Reforestation of the Ethiopian Highlands using mixtures of indigenous tree species (CARBOPART-II)
Background of the Project
In Ethiopia, large areas of land either have very sparse shrub/tree vegetation or are degraded communal grazing land, which may be reforested to stop erosion, increase carbon sequestration and provide sustainable income from wood products. These afromontane forests in the highlands of Ethiopia have very high soil C stocks that are the results of 1000s of years of accumulation and are probably a result of the high species and trait biodiversity of these sites. However, removal of the tree cover and conversion to crop or grassland results in loss of ca 60% of the soil C stores within 50 years. Associated with the loss of soil organic C is a high loss of soil fertility due to loss of N and organic P stores. Replanting with Eucalyptus leads to a recovery of soil C stocks, but not the level of the original natural forests. Exclosure however does not lead to rapid recovery of soil C. Modelling results suggest that even if natural forest cover and structure are restored recovery of soil C stocks may take 100 to 1000 of years.
Afforestation programs are needed to avoid further erosion, meet the local demands for fuelwood and timber and address the climate goals within the REDD+ framework. As a result, the current Ethiopian REDD+ implementation strategies focus on reforestation of grass land and shrub land areas, enhancing agroforestry practice with indigenous species and sustainable management of the remaining natural forests (Arbonaut, 2016; MEFC, 2017). Any forest recovery program should be based on tree mixtures to maintain ecological stability and should include sustainable management as the demand for fuel wood and timber is high and still increasing due to the fast growing population. Ethiopian Government has set a target to reforest 7 million ha by the year 2030. The aim is to decrease current CO2 emissions (53 Mt CO2 in 2010) mainly due to land-use change. Without this intervention emission are expected to increase to 88 Mt CO2 by 2030. Afforestation schemes require that re/afforested areas are initially protected from grazing. Experience from establishment of exclosures has shown that protection from grazing can be obtained in co-operation with local farmers if the afforested or protected sites deliver some form of ecosystem service such as fodder or honey production delivering an intermediate income stream. Considering these fundamental issues, the current project frame-works have been initiated to develop the foundation for a large scale afforestation scheme using herbaceous pre-cultures, nurse trees and mixtures of indigenous Ethiopian tree species.
The overall project goal of the project Carbopart 2 is to lay the foundation for large scale reforestation in Ethiopia. We will use the knowledge gained in the previous project (Carbopart 1) to develop large scale reforestation schemes using ecologically stable tree mixtures as opposed to non–ecologically stable monocultures. Further we will develop a program based on ecological forest monitoring, forest growth modelling and forest planning/management to establish sustainable harvesting routines based on species mixture thinning and regeneration options.

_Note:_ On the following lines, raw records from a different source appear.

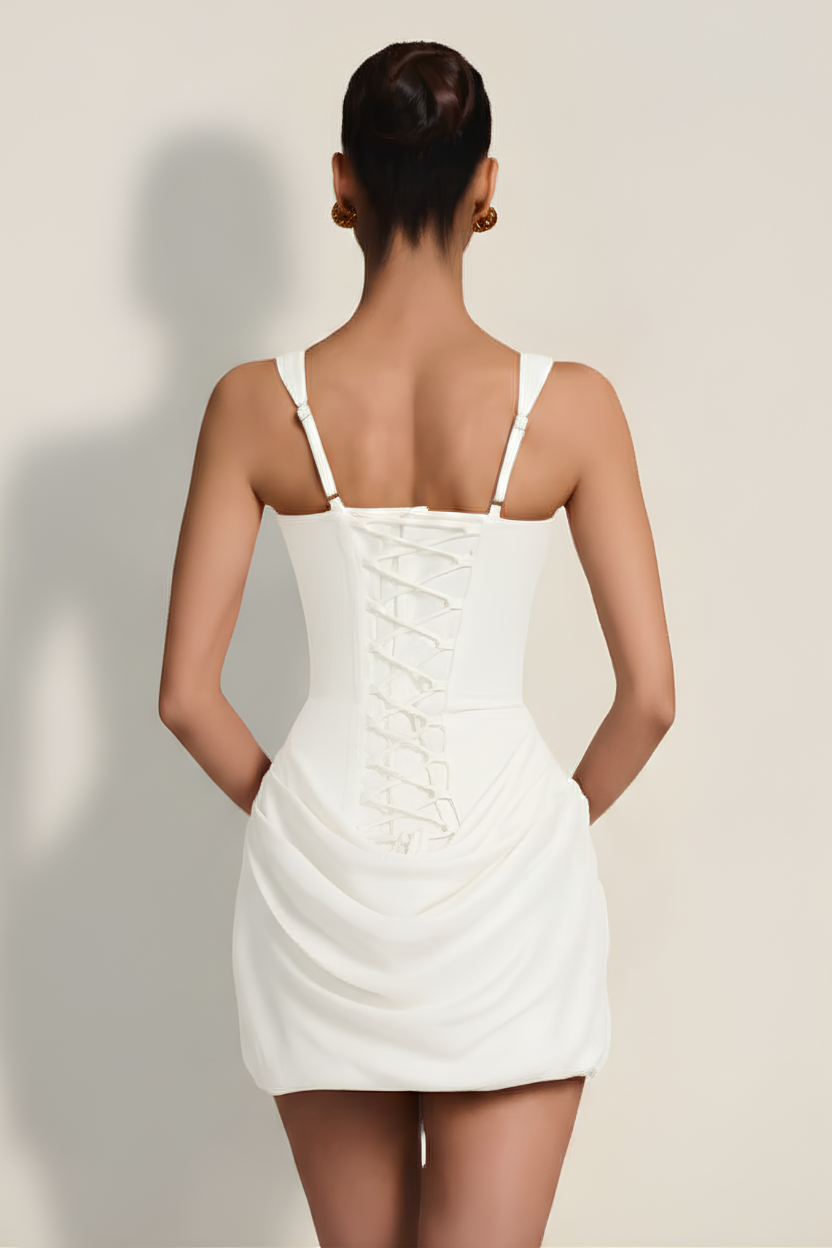 Elara - Vestido Mini Corsé Blanco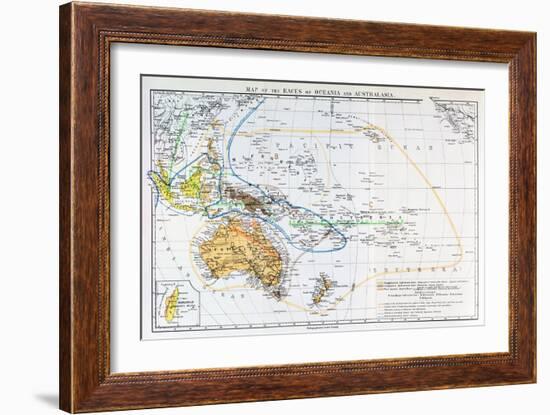 Map of the Races of Oceania and Australasia, from "The History of Mankind"-null-Framed Giclee Print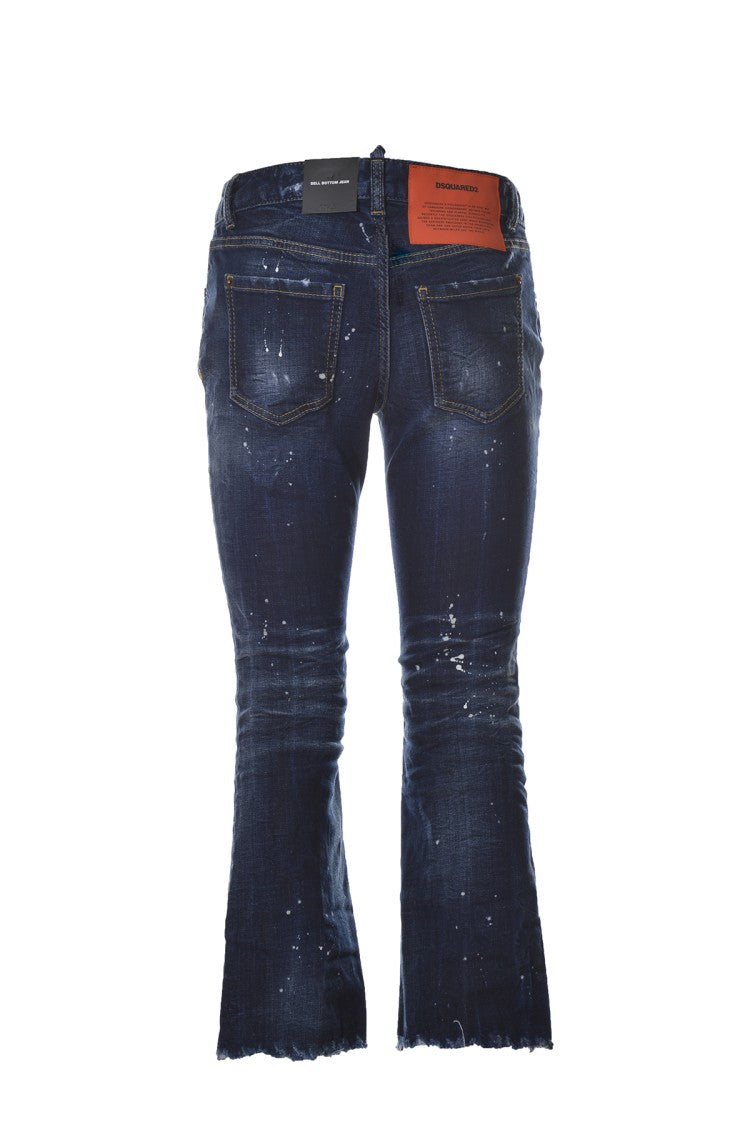 Dsquared2 Dark Blue Cotton Bell Bottom Crop Jeans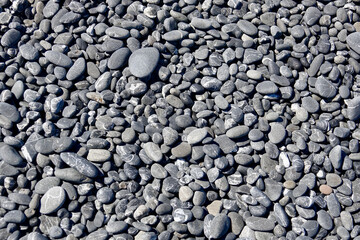 smooth black and gray pebbles on the beach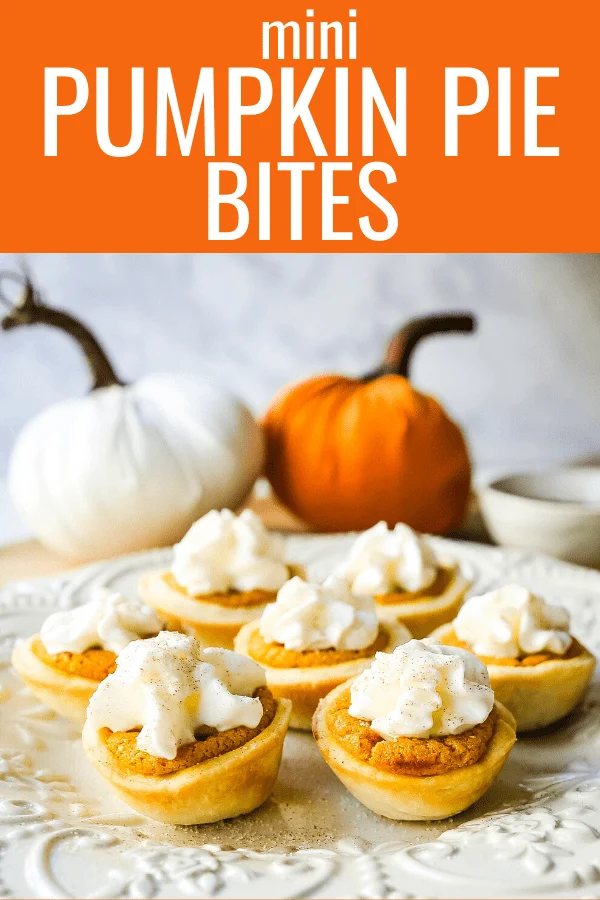 Mini Pumpkin Pie Bites. The best bite-size mini pumpkin pies perfect for entertaining during the holiday season. Creamy pumpkin pie filling in buttery pie crust cups topped with fresh whipped cream. www.modernhoney.com #pumpkinpie #pumpkinpiebites #minipumpkinpies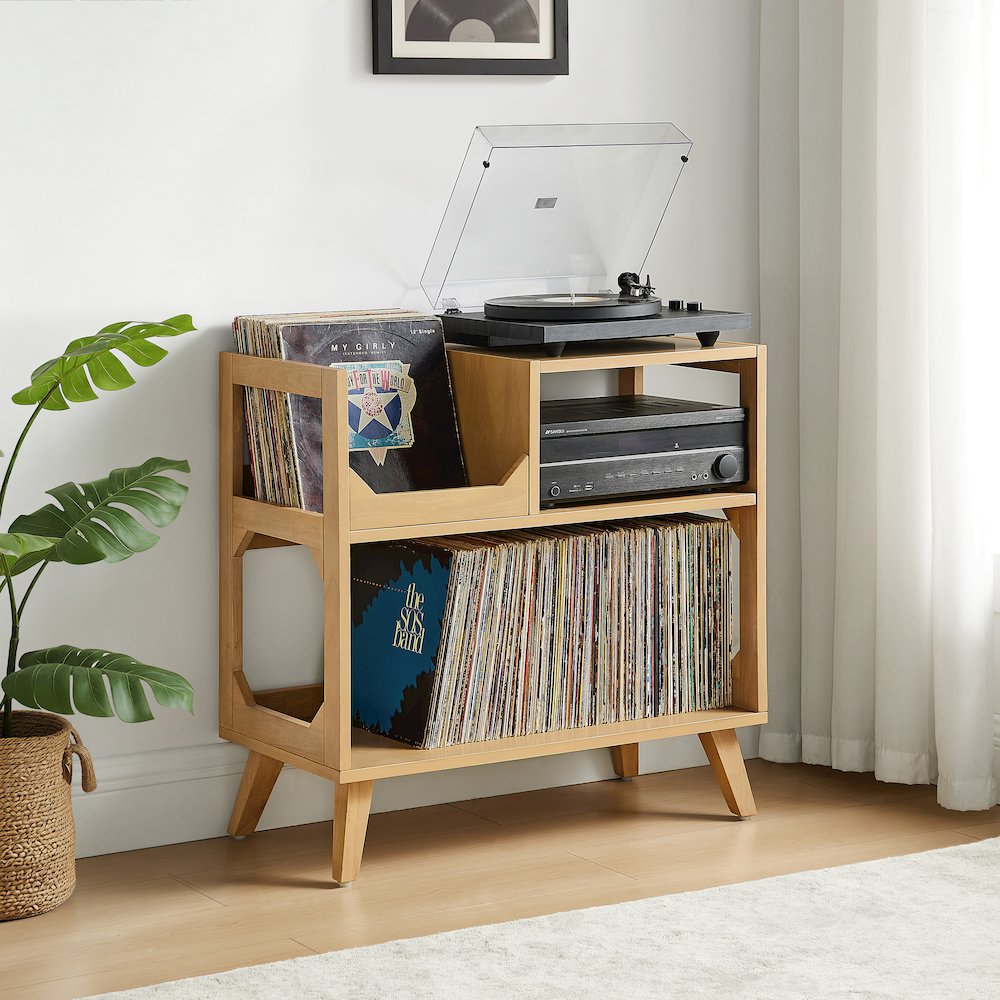 Asheville Medium Record Player Stand With Vinyl Storage Natural. Picture 5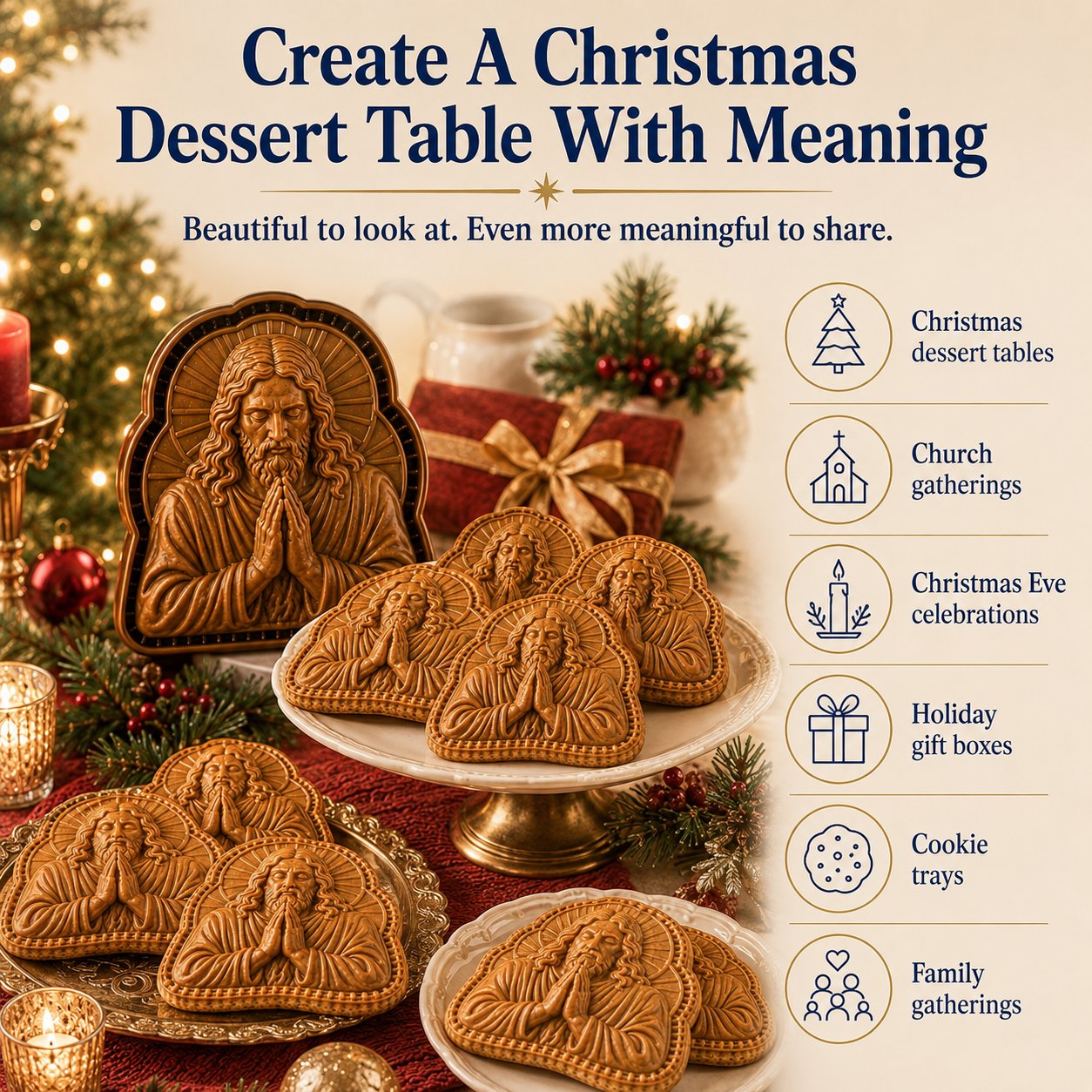 🔥HOT SALE 49% OFF✝️ Faith & Nativity Christmas Mini Pie Mold Collection | Reusable Embossed Molds for Shaping Detailed Praying Jesus, Nativity Stable and so on Pies🥧✨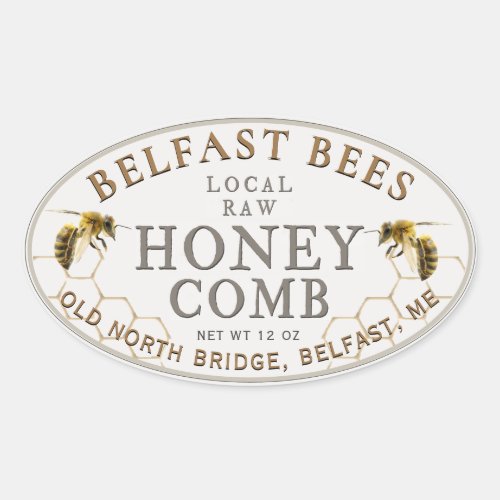 Oval Local Honeycomb with Realistic Bees Label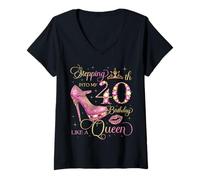 Femme À l'approche de Mon 40e Anniversaire comme Une Reine, Une Femme de 40 Ans T-Shirt avec Col en V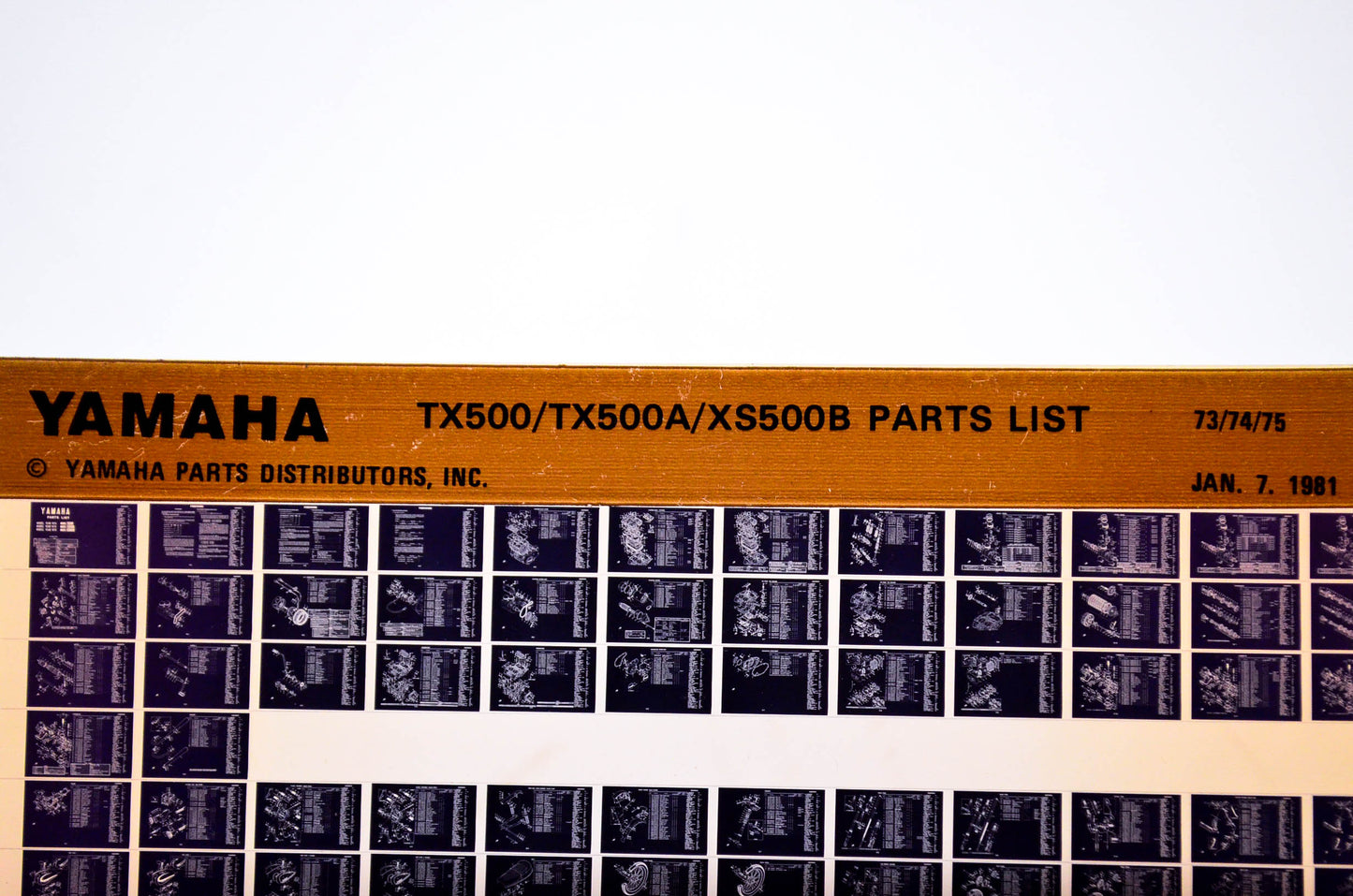 OEM Yamaha TX500/TX500A/XS500B 1981/January 7 '73 - '75 Parts List Microfiche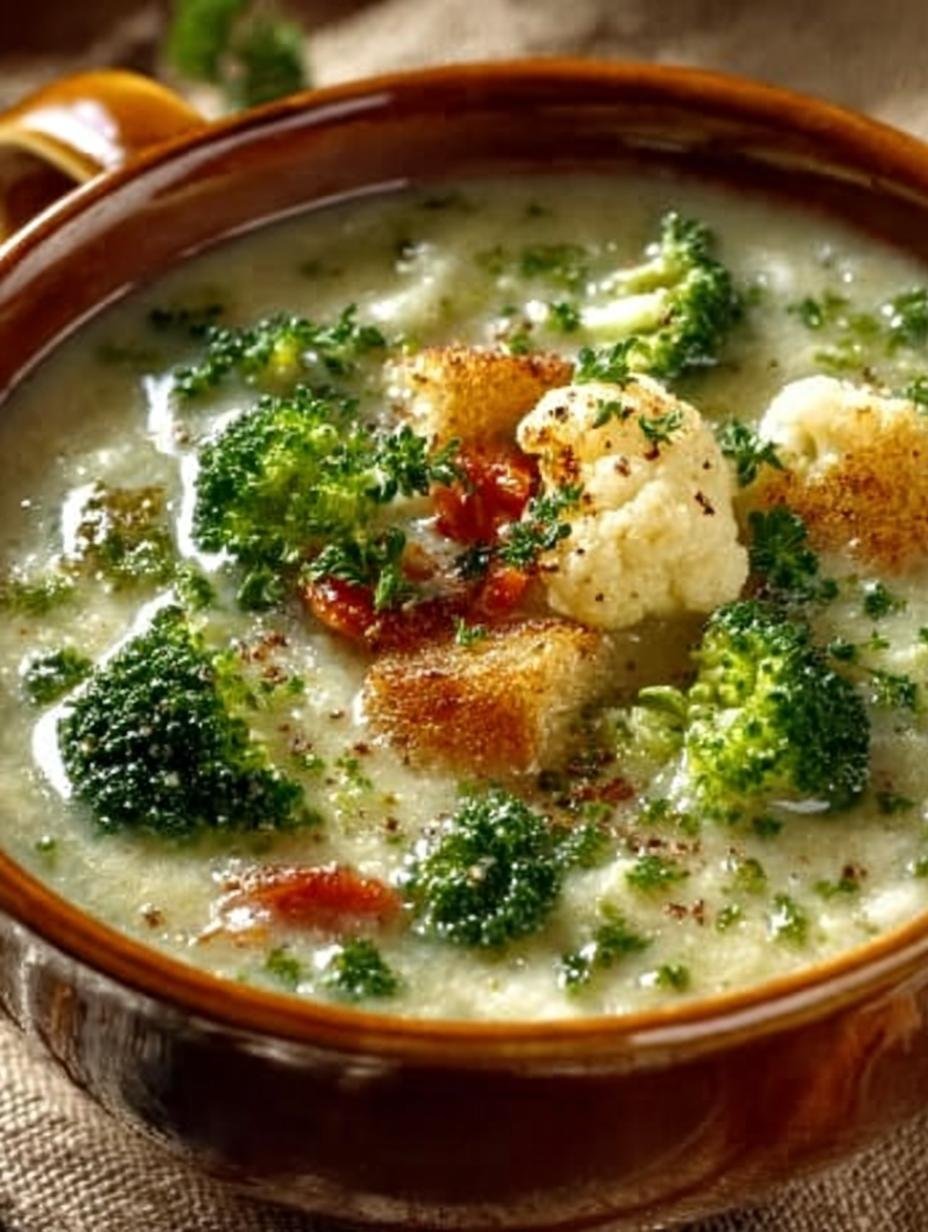 Creamy Broccoli Cauliflower Soup
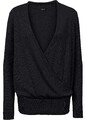 Wickel-Pullover mit V-Ausschnitt Gr. 40/42 Schwarz Damen Strickpullover Neu*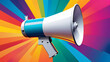 megaphone on colorful background marketing and advertising concept. megaphone and loudspeaker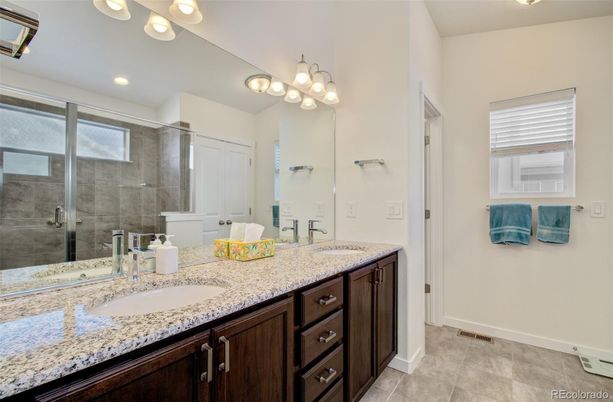 Bathroom, Dual Sink Vanities, Glass Shower, Interior, Recessed Lighting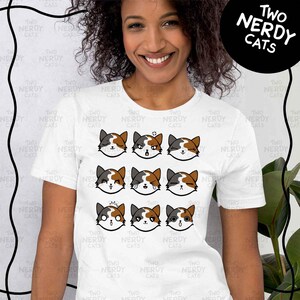 Nerdy Cats Cartoon Calico Shirt, Tshirt with Cat Faces, Crazy Cat Lady Gift, Kitty Emotion Tee, Pet Parent Present, Cute Pet Owner Shirt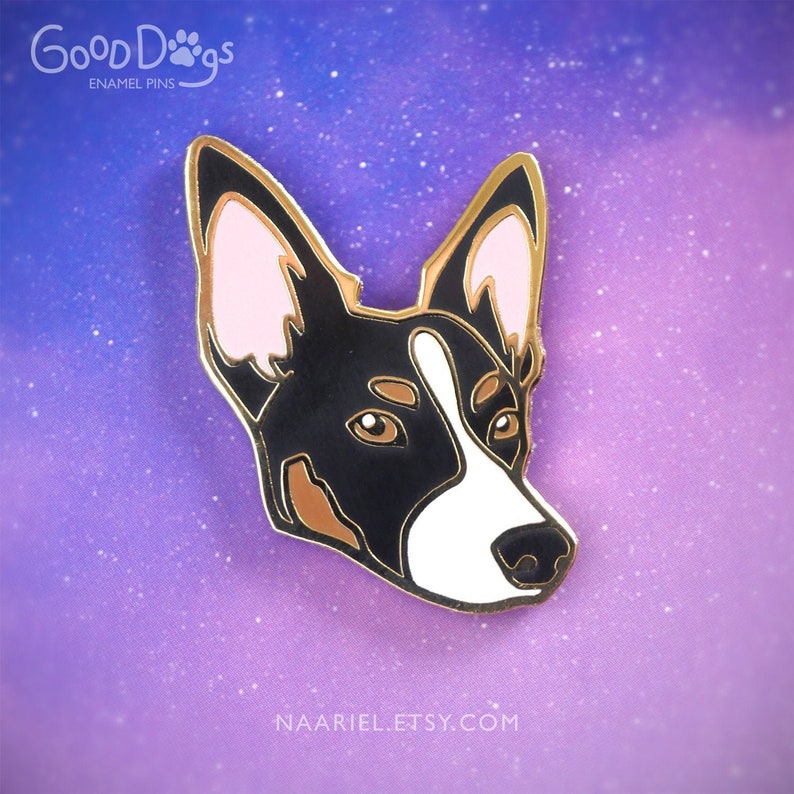 Border Collie Kelpie Tri Colour Hard Enamel Good Dog Pin, Metal Badge, Pet Lover Gift, 3 CM / 1.25 Gold Plating Brooch image 1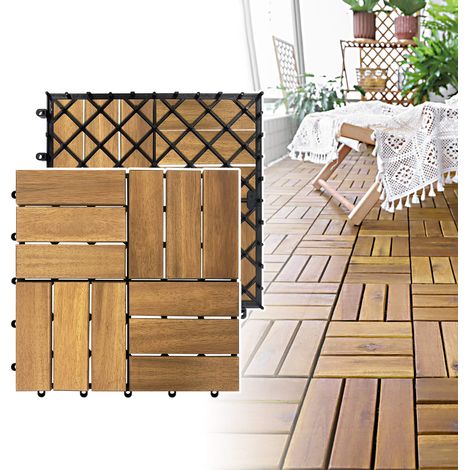 Holzfliesen Terrassenfliesen 30 x 30 cm Holzoptik Balkonfliesen mit Drainag und Klick-Fliesen Bodenbelag Wetterfest (Model B, Größe: 11 Stück 1m²) NAIZY (1/5)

The established forest sites will be used for educating farmers in sustainable forest management with the goal to (i) avoid erosion and thus loss of soil fertility, (ii) ensure continued supply of fuel wood and other timber and non-timber products, and thus (iii) generate income and (iv) to promote further planting programs within REDD+ program activities.
A central common garden demonstration site (Koga) and two regional plantation sites (Bezewit and Worken) have been selected on the basis of soil quality, altitude and land degradation representing the landscape of the region. Three reforestation sites correspond to three major land-forms of the Amhara Regions viz. low land of the Blue Nile basin, degraded grazing land and high mountain:
1. Koga (Latitude: 11°24ʹ25.94ʺN, Longitude: 37°05ʹ22.85ʺE): Irrigated, lowlands site with good growing conditions, can be used as Central demonstration plots for different indigenous tree species. The site allows us to observe the growth characteristics of the different species.
2. Bezawit (Latitude: 11°34'10.32"N and Longitude: 37°24'39.74"E): Severely degraded and eroded site, heavily grazed and rocky landscape. Challenging for landscape restoration and management approaches.
3. Worken (Latitude: 11°50ʹ14.4ʺN, Longitude: 38°05ʹ29.3ʺE): Large surface (several hectares) at top of the hill, covered by grass and few shrubs species, suitable for highland tree species.
Forest establishment is being carried out using pre-cultures of herbaceous species such as wheat (Triticum aestivum) or vetches (Vicia sp.), fast growing nurse tree species and mixtures of target tree species. The objectives of this system is to produce a constant intermediate harvest in the form of fodder for stock feeding from the pre-culture herbaceous species, and a woody supply from the thinning of the fast growing nurse tree species, allowing the development of the target tree mixtures. The mixtures will be designed using tree trait data obtained in Carbopart 1. This will include traits such as growth rate, light requirements, position in ecological succession, leaf and root morphology and chemistry, symbiotic associations. At the sites, the development of the tree stands will be followed to measure productivity of the mixtures and individual species, and restoration of soil fertility and SOM stocks.
For the work a number of tree species have been selected based on tree traits (i.e. fast/slow growing, N-fixing, and endangered species etc.) and availability the targeted species are: Acacia albida, Acacia abyssinica, Podocarpus falcatus, Olea africana, Cordia africana, Milletia ferruginea, Hygenia abyssinica, Prunus africana, Albizia gumifera, and Juniperus procera. Protection of planted seedlings and survival rate are the most challenging issues in Ethiopia with its’ huge livestock population. Construction of fences at the plantation sites and protection barrier for individual seedling are essential against animal browsing.
Training: Within the framework of the Bahir Dar University new agroforestry program, staff form BOKU will make an active contribution to teaching and program development. This will lead to the development of local forest managers trained in concepts and practical skills of multipurpose mixed forest management. It is planned that BOKU will also offer short courses on forest management to ensure the long term sustainable management of the established forest sites and the long term benefits of reforestation.